* _Working data_

=== Section Start ===

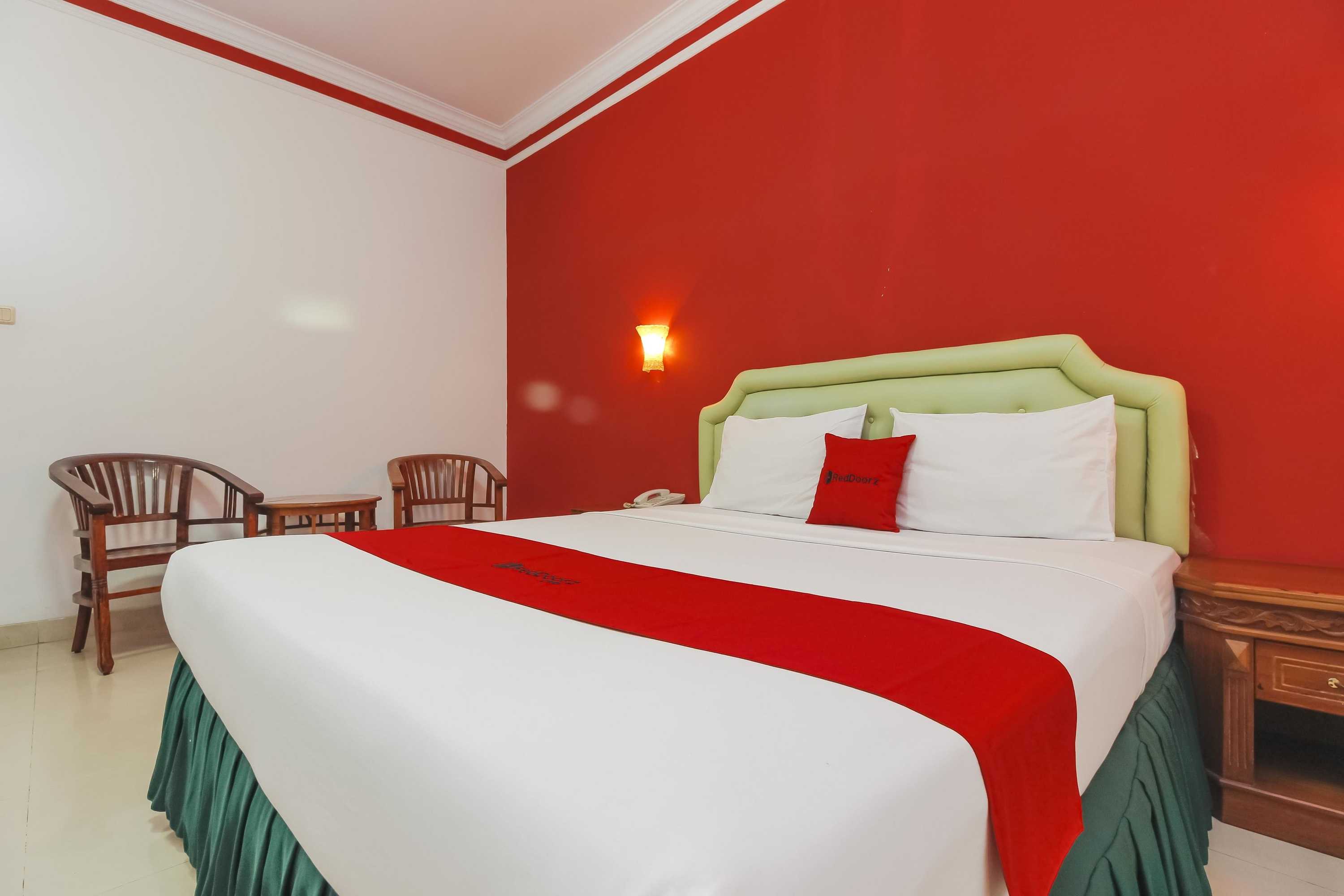 Gift card for Reddoorz Plus Near Alun Alun Kejaksan Cirebon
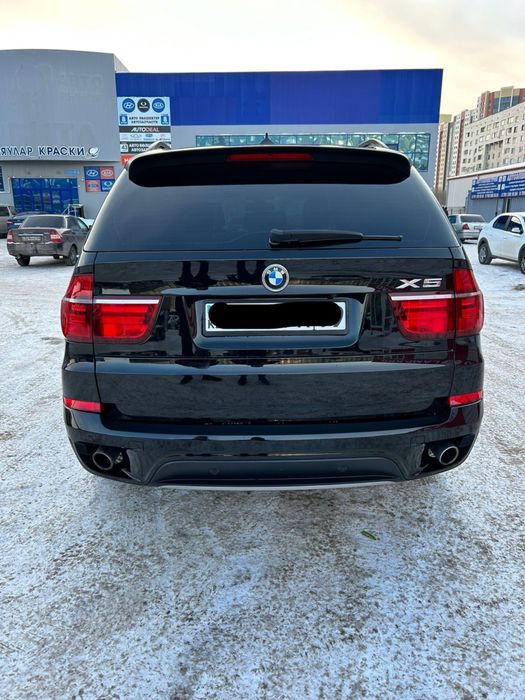 Машина BMW x5 2013 года
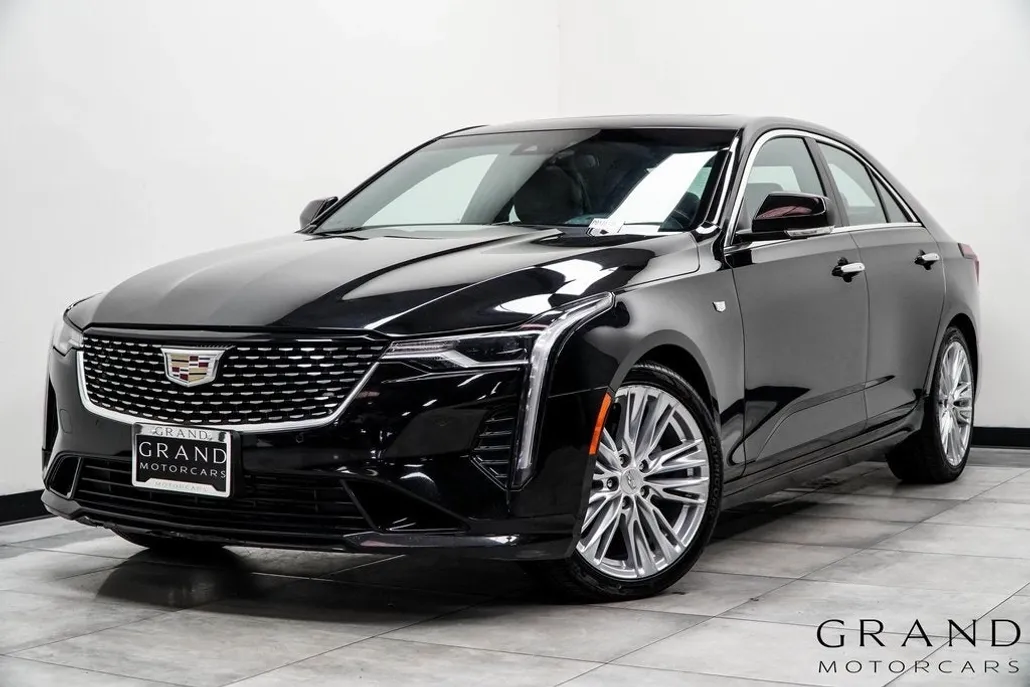 2023 Cadillac CT4 Premium Luxury photo 1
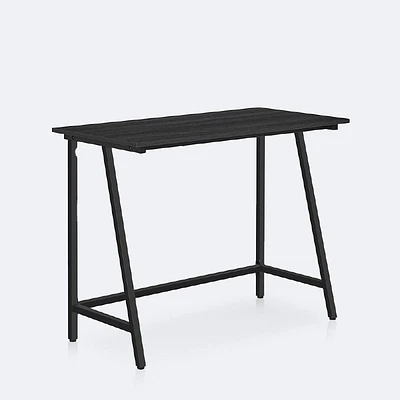 Luca Desk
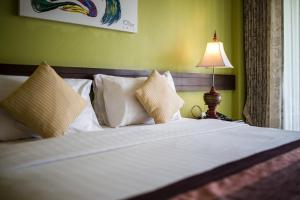 Postel nebo postele na pokoji v ubytování Poonyamantra Resort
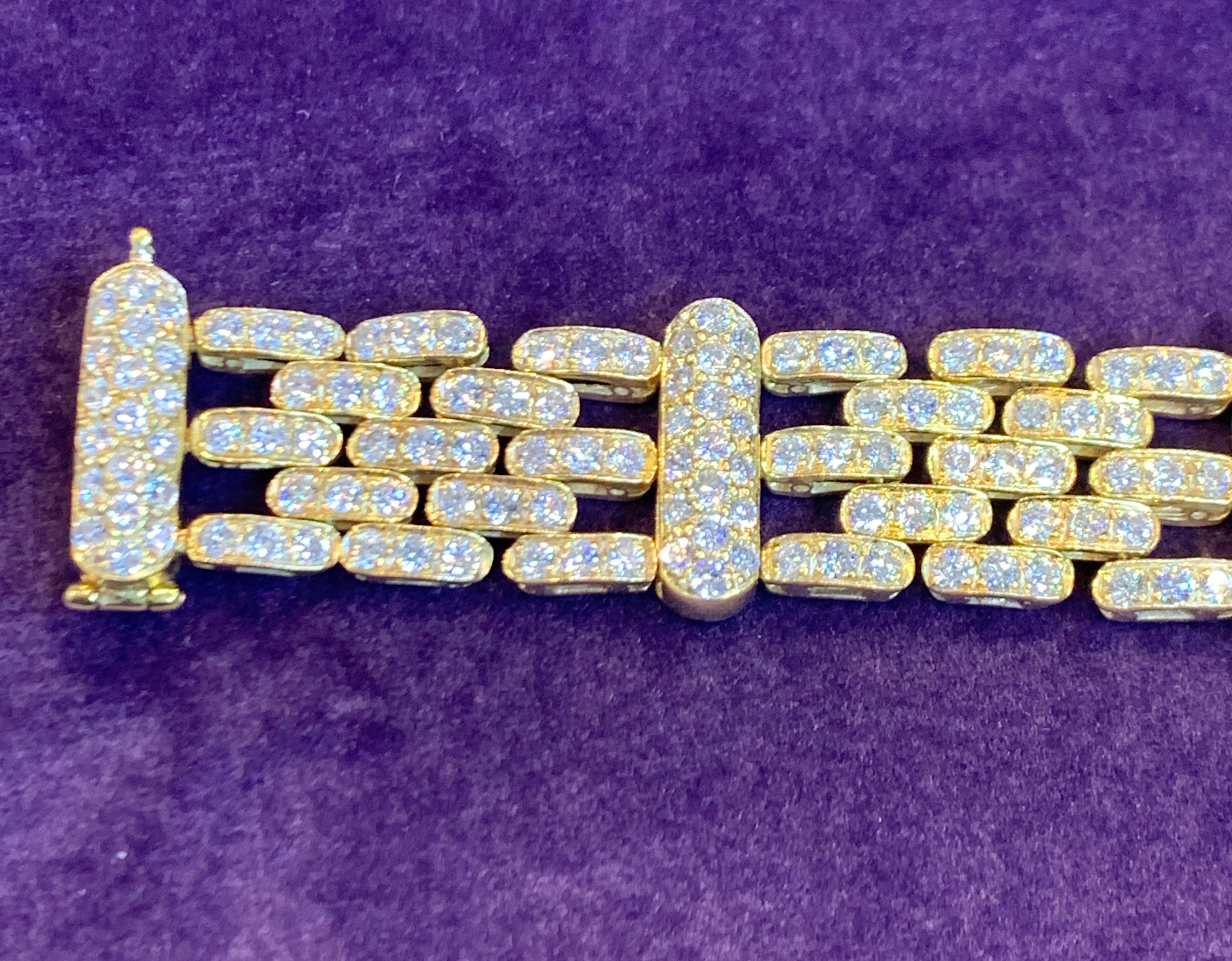 Round Cut Yellow Gold and Diamond Men's Bracelet For Sale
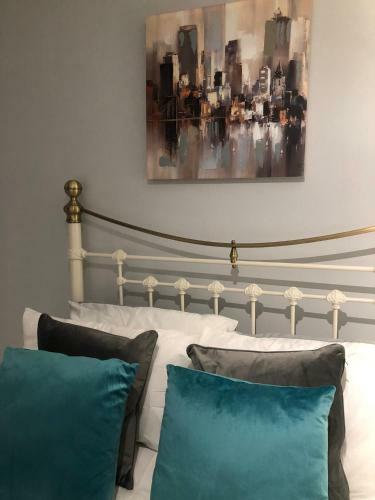 Comfy Three-bedroom Home In Basingstoke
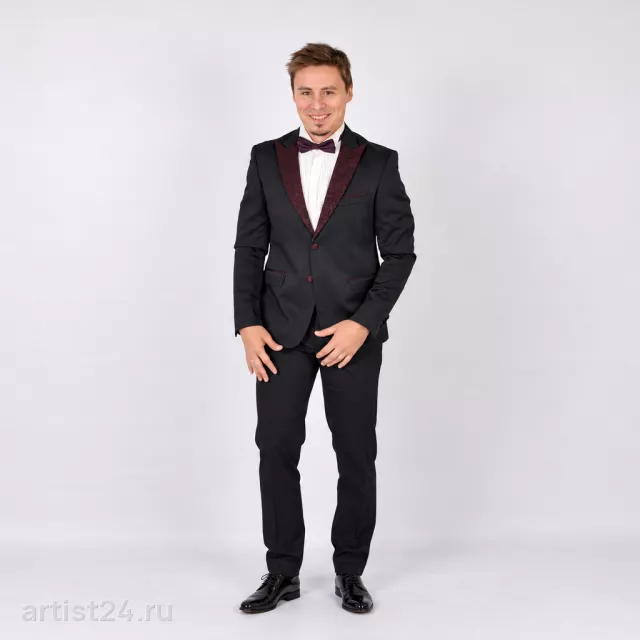 Ведущий Максим Ашухин — ведущий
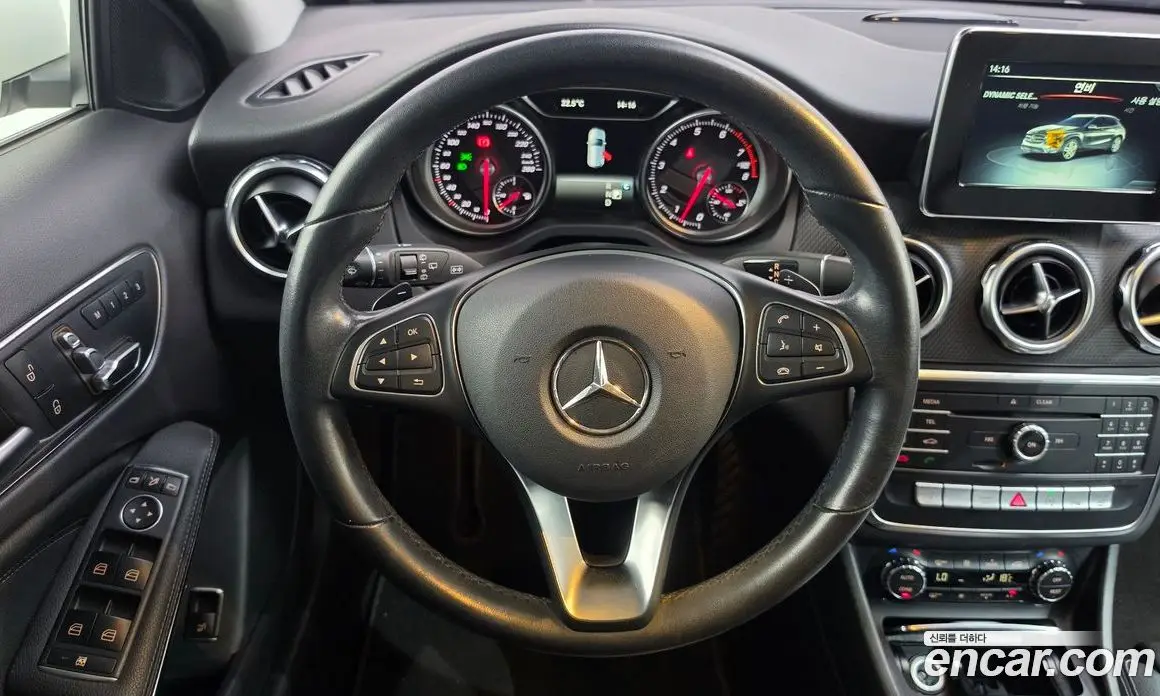Mercedes-Benz GLA-Class 2019 2.0 АКПП, фото 19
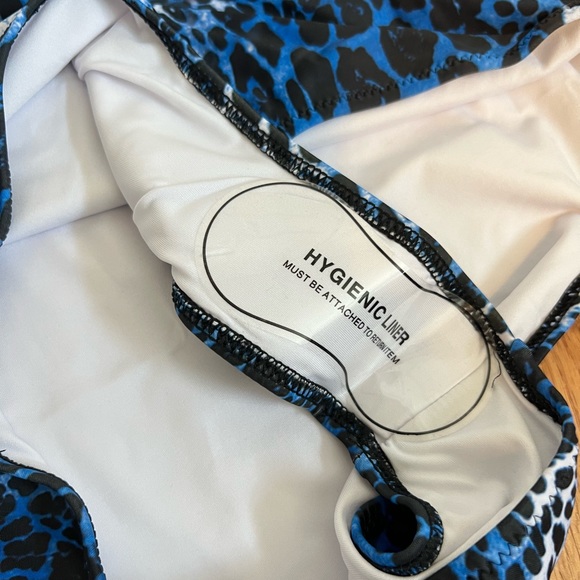 💙BRAND NEW BLUE LEOPARD SWIMSUIT - Picture 6 of 7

=== Section End ===

* _Work required_
Restate word for word only the lines from the one with "Round Cut Yellow" through the last line of the material, both included. Any picture should be left out.

* _Response_
 Round Cut Yellow Gold and Diamond Men's Bracelet For Sale
 Comfy Three-bedroom Home In Basingstoke
 Ведущий Максим Ашухин — ведущий
Mercedes-Benz GLA-Class 2019 2.0 АКПП, фото 19
 💙BRAND NEW BLUE LEOPARD SWIMSUIT - Picture 6 of 7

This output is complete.